3.   Section 6654—Failure To Make Estimated Tax Payments   Section 6654(a) imposes an addition to tax on an underpayment of estimated income tax. A taxpayer generally has an obligation to pay estimated income tax for a particular year only if he has a “required annual payment” for that year.  Sec. 6654(d). The required annual payment is equal to the lesser of: (1) 90 percent of the tax shown on the individual's return for that year (or if no return is filed, 90 percent of the tax for such year), or (2) 100 percent of the tax shown on the return if the taxpayer filed a return for the immediately preceding tax   Sec. 6654(d)(1)(B); Wheeler v. Commissioner, 127 T.C. at year. 210-211.

Because petitioner failed to file an individual Federal income tax return for any of the years at issue, the required payment is 90 percent of the tax due for each of the years 1998 through 2002. Petitioner failed to make any estimated tax payments or to have any Federal income tax withheld with respect to his individual income tax liabilities for the years at issue. Petitioner's only payments for any of the years at issue are two $100 payments—one for tax year 1998 and the other for tax year 2000.

Because the amounts as determined by respondent exceed the payments made, petitioner is liable for the addition to tax for failure to pay estimated tax under   section 6654(a) for each of the years 1998 through 2002. 7

V. Conclusion Despite his personal struggles and recent efforts to overcome these challenges, petitioner cannot escape his obligation to timely file and pay taxes. Petitioner's experience as an attorney made him acutely aware of his obligation to accurately report income and submit the required tax filings and payments. His background as a licensed attorney also gave him precise knowledge concerning the consequences of his failure to file. His failure to make any effort to comply with known tax obligations over a period of 6 years is substantial and does not result from any good-faith misunderstanding. We find his failures to file returns fraudulent as to the income tax underpayments we have found previously.

Consequently, we conclude that (1) petitioner is liable for deficiencies for the tax years 1997 through 2000; (2) petitioner is liable for additions to tax for fraudulent failure to file under   section 6651(f) and for failure to pay under   section 6651(a)(2) for the tax years 1997 through 2002, and (3) petitioner is liable for additions to tax for failure to pay estimated tax under   section 6654(a) for the years 1998 through 2002.

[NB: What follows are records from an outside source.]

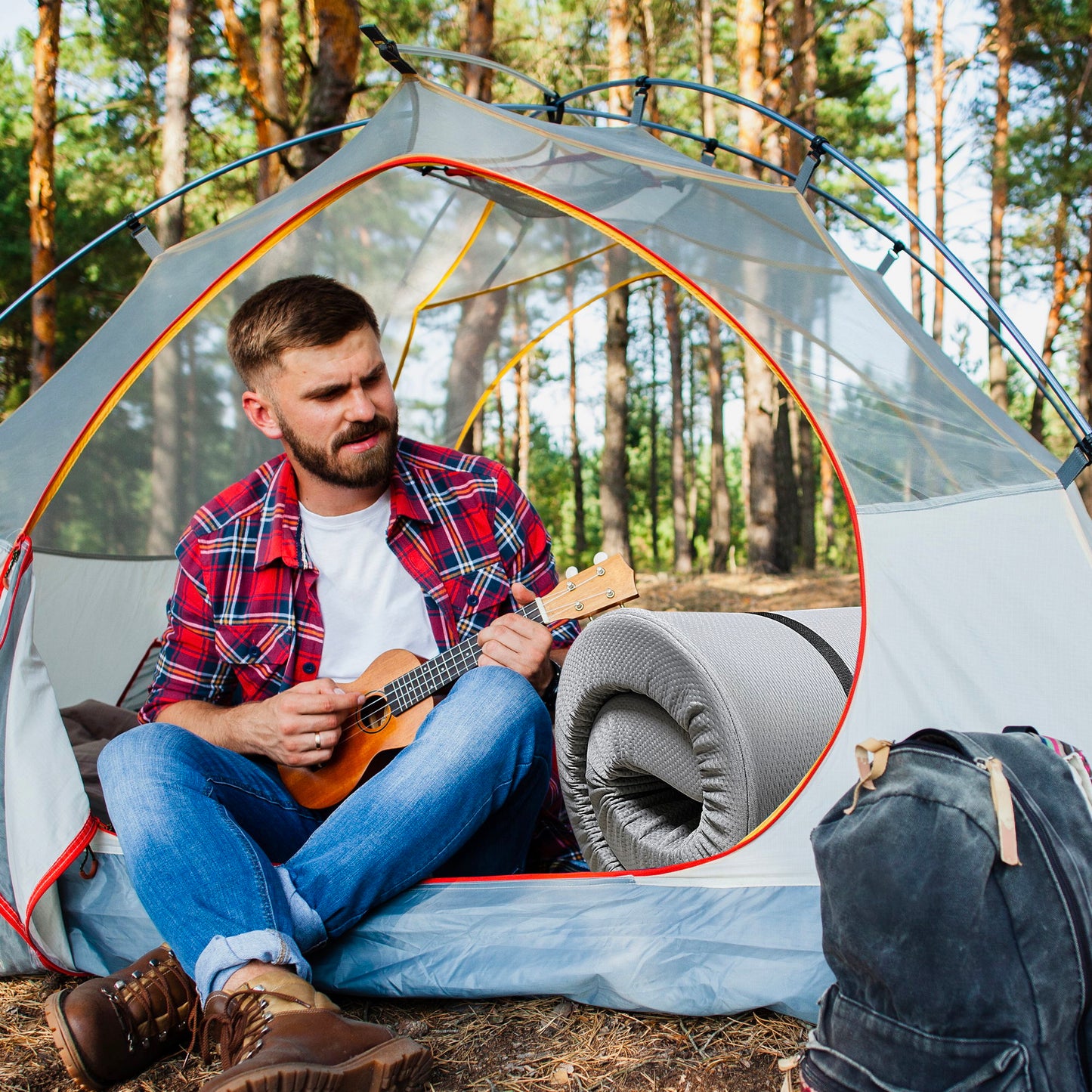 Memory Foam Camping Mattress, Portable Comfort With Water Resistant Cover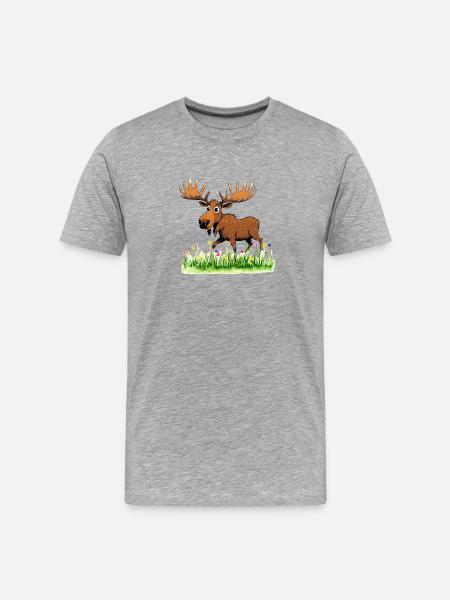 Whimsical Moose in Spring Meadow - Men's Premium Organic T-Shirt - heather grey
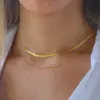 Wholesale PVD Coated Real Gold Plated 18K Solid Color 304 Stainless Steel IG Style Simple Waterproof Non Tarnish Double Layer Necklaces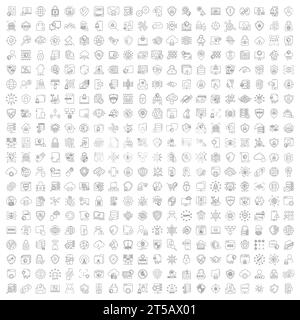 Big set of 400 line icons related to cyber, digital and internet security, protection, information. Isolated signs for mobile, web. High quality Stock Vector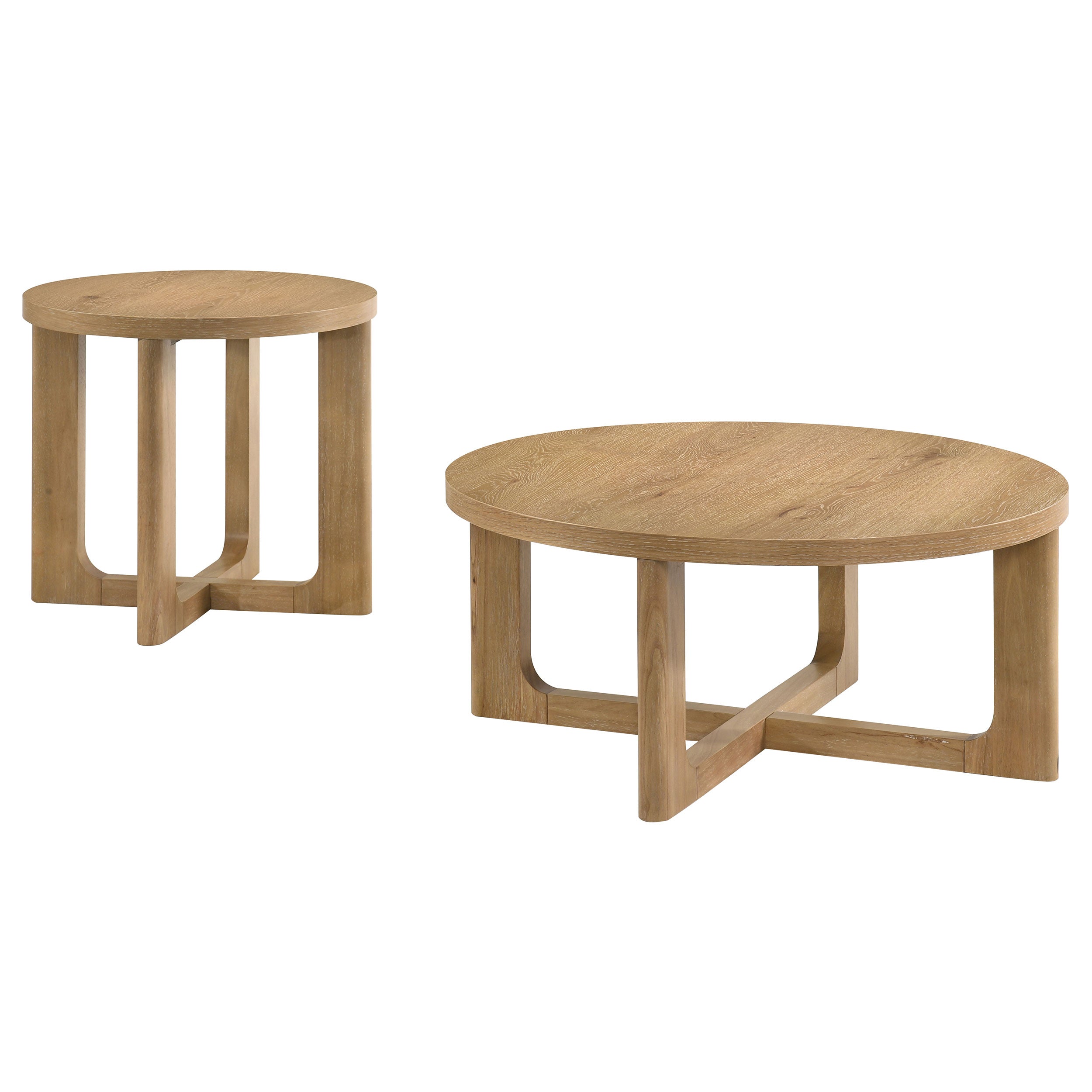 Kessler 2-piece Round Sculptural Wood Coffee Table Set Light Oak — view 2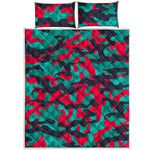 Pink Teal And Black Camouflage Print Quilt Bed Set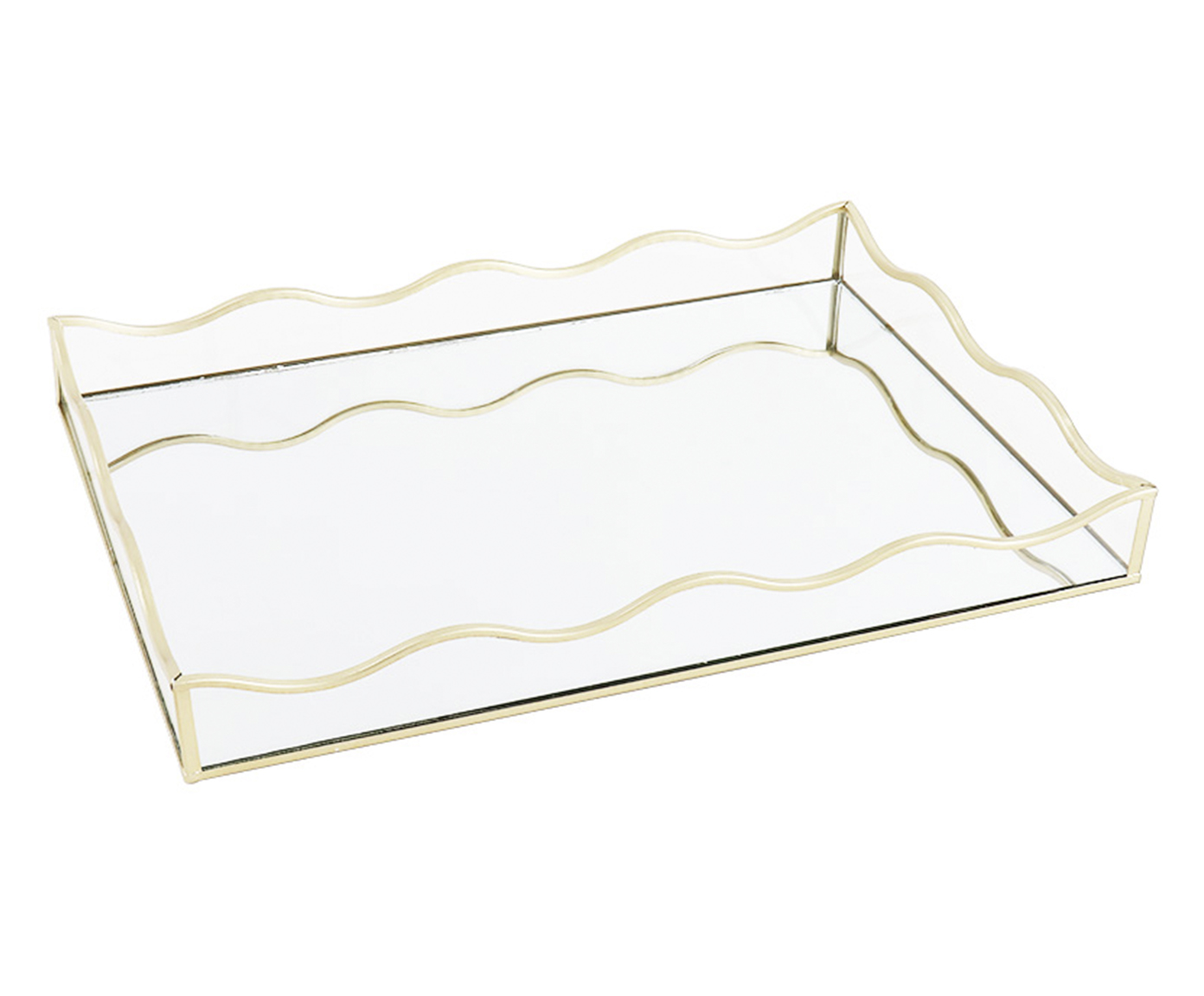 Bandeja Decorativa com Espelho Exquis Dourado Fosco Grande - image 0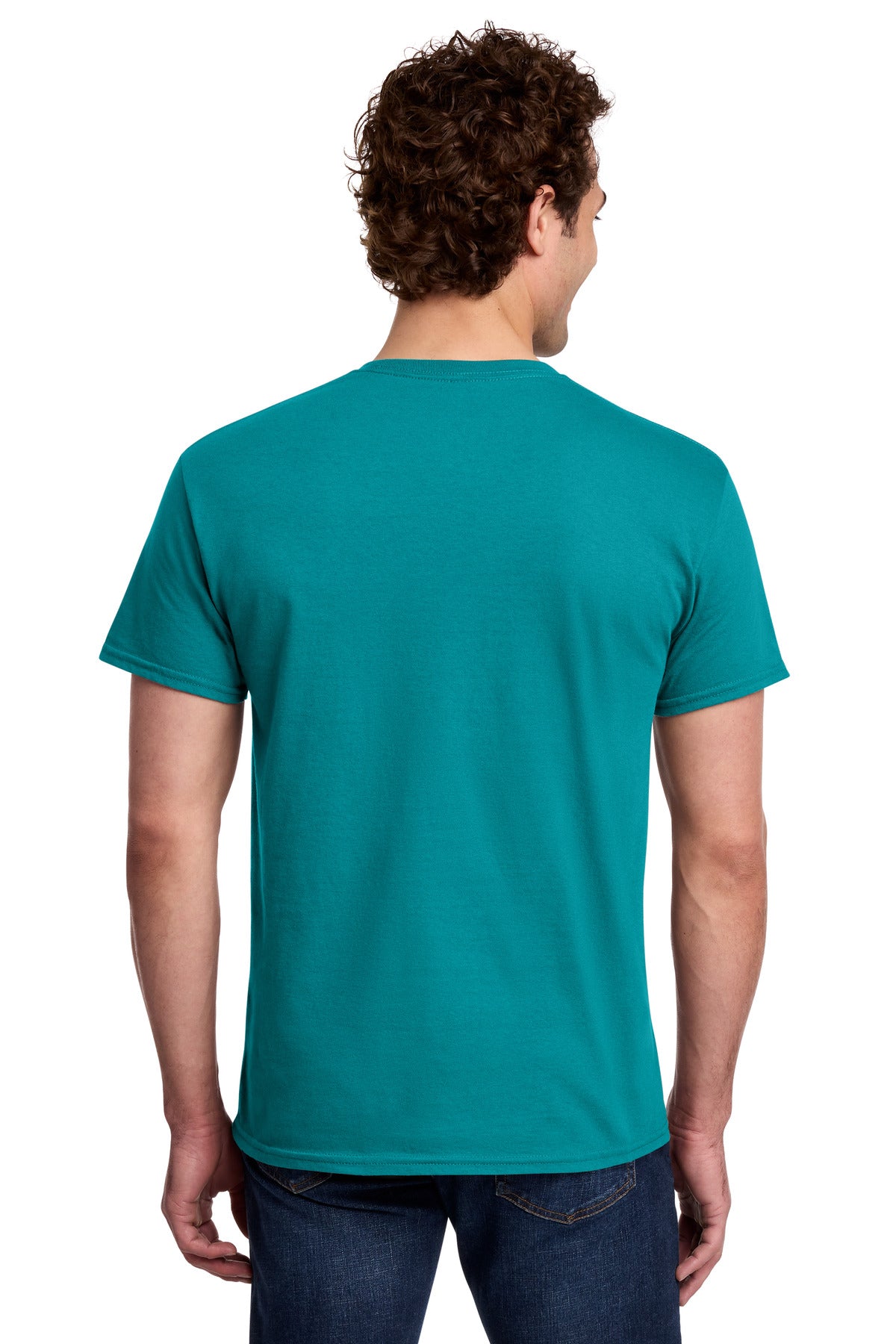 Gildan Light Cotton Tee 3000 - Tropical Blue - back model view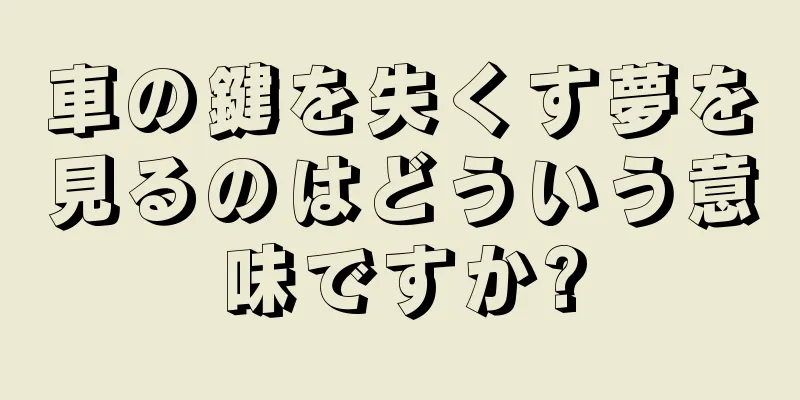 車の鍵を失くす夢を見るのはどういう意味ですか?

To reflect the foregoing and concessions by the parties,

Decision will be entered under Rule 155.

1
  Unless otherwise indicated, all section references are to the Internal Revenue Code in effect for the years in issue, and all Rule references are to the Tax Court Rules of Practice and Procedure.
1
  Amounts are rounded to the nearest dollar.
2
  Petitioner conceded the following issues: (1) Failure to report dividends from sources other than his law practice for tax years 1997 through 2002; (2) failure to report interest income for tax years 1997 through 2002; (3) failure to report a premature taxable distribution from his pension account for tax year 1998; (4) failure to report income from Columbia Plantation Co., an S corporation in which he was a shareholder for tax years 2000 through 2002; (5) failure to report gambling winnings for tax years 1999, 2000, and 2002.
2
  Petitioner conceded the following issues: (1) Failure to report dividends from sources other than his law practice for tax years 1997 through 2002; (2) failure to report interest income for tax years 1997 through 2002; (3) failure to report a premature taxable distribution from his pension account for tax year 1998; (4) failure to report income from Columbia Plantation Co., an S corporation in which he was a shareholder for tax years 2000 through 2002; (5) failure to report gambling winnings for tax years 1999, 2000, and 2002.
3
  Petitioner and his wife divorced subsequently.
4
  Petitioner filed a corporate return for 1997 sometime in April 2002.
5
  The deposit slip reflects a returned item charge of $5. The total deposit was $5,005.
6
  The deposit slips also include returned item charges of $5. The total deposit amounts were $10,005 and $35,005.
7
  Respondent concedes the addition to tax for failure to make estimated tax payments for the tax year 1997.